THIS PAGE IS OUT OF DATE

When I get some spare time I will fix it. For now, if you need to use Shadow on Ripple, ask me (Justin) for help.


How to Run Shadow-Tor on Ripple

As of this writing, Shadow/Shadow-Tor doesn't quite work on Ripple if one uses the default instructions. Just in case someone else wants to use Shadow for some experiments, here's a quick guide to save you some work in figuring these things out.

First thing I would recommend is following the official guides for Shadow and Shadow-Tor on your lab machine, to get Shadow and Shadow-Tor working on your local setup. If it doesn't work, then it almost certainly won't work on Ripple either, so you should figure that out first. The documentation can fall out of date at times, so you may want to look through recent commits to see if the problem is in there somewhere (note that the docs tell you to use the release branch instead of the main branch, but the main branch sometimes has fixes for known bugs in it that release doesn't). If you can't figure out what's wrong, file a bug report. Rob will typically respond relatively quickly.

Once you have that working, or if you just feel like skipping it, we can move on to using it on Ripple. If you haven't already, set up an account with Ian Goldberg, book via https://ripple.uwaterloo.ca/, and ssh in.

Before we get started installing, just so we don't forget, there are a few things we should check: The maximum number of files you as a user can have open, the maximum number of files the system can have open, and the maximum number of maps you can have.

Run

ulimit -n

to see how many files you can have open in a process. If the number is less than, say, 10000 or so, you almost certainly want to contact Lori to ask them to significantly increase that number (i.e., add the respective hard and soft limits in /etc/security/limits.conf for your username). I have yet to run into issues with a limit of 1000000 (though with a sufficiently large network, you could).
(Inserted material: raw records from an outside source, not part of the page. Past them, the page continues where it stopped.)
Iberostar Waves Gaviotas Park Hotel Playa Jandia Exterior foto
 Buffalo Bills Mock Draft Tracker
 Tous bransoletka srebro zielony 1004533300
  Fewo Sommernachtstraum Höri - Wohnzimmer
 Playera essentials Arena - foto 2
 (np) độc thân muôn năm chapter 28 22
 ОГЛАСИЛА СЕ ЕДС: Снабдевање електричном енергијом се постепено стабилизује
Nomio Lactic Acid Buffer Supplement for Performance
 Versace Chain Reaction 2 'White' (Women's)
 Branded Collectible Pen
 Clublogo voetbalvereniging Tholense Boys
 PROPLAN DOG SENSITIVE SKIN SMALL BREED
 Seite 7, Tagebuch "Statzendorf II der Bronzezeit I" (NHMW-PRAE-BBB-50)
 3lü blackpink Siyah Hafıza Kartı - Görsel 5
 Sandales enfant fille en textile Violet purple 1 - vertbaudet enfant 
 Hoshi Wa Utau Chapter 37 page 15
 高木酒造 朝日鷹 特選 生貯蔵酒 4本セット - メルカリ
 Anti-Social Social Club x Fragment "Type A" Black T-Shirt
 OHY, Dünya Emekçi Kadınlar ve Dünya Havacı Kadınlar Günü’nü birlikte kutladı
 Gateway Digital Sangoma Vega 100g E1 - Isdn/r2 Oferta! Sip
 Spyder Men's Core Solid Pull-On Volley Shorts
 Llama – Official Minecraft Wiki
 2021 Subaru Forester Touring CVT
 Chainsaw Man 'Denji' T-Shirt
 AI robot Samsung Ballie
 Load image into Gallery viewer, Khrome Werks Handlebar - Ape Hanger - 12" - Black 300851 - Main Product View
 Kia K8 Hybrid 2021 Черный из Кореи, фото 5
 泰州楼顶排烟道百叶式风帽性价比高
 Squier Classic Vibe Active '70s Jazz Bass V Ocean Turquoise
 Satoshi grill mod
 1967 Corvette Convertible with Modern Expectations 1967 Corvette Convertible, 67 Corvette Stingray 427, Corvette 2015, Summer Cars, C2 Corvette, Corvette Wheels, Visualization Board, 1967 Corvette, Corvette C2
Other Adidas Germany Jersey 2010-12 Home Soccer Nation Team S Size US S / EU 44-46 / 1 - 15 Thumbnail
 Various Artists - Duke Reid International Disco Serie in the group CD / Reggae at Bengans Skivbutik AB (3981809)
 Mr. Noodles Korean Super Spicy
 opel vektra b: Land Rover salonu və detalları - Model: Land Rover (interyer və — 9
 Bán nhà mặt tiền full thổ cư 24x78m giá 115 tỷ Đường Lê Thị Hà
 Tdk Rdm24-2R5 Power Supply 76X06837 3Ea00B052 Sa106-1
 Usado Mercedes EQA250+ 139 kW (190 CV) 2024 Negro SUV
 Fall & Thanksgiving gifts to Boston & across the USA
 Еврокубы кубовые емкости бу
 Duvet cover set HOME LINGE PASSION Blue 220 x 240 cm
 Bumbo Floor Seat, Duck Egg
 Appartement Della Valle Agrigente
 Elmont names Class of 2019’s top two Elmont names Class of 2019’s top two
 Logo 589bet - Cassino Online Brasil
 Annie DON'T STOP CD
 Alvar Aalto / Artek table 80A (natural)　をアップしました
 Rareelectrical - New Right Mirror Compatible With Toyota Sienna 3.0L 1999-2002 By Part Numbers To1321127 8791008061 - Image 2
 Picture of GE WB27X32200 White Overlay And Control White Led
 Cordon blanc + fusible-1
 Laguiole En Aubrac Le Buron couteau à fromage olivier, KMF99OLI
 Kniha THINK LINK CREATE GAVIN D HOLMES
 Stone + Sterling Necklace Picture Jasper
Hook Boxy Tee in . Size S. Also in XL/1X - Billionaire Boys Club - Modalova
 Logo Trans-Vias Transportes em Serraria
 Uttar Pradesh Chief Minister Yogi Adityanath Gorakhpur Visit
In addition, you should check the maximum number of files the system can have open by running

cat /proc/sys/fs/file-max

It is extremely important that this number be significantly larger (say, ~2x) than the per-process user limit, since if this limit is reached, most commands simply won't run (turns out almost everything on Unix requires a file descriptor, go figure). This means you (or anyone, even root) won't be able to ssh in, and if you are lucky enough to have an open session, you won't be able to run ls or ps. Thankfully, kill still works, so as a last ditch effort, either kill the process if you have the pid, or kill all of your processes by running kill -1. But really, just avoid the problem entirely by ensuring the limit is sufficiently large. If it's not, ask Lori to run

sysctl -w fs.file-max=# way bigger than anything in limits.conf

Finally, it's also likely with large experiments that you'll hit the max number of memory mappings per-process. Run

sysctl vm.max_map_count

to see what the current limit is. Keep in mind that there's going to be at least one map per open file descriptor for this process, probably more, so it should be fairly large. As usual, root can set it via

sysctl -w vm.max_map_count=number

Now that that's out of the way, let's install shadow.

Shadow

Everything is easier to setup assuming it's all in your home directory, so that's where I'll assume things are going.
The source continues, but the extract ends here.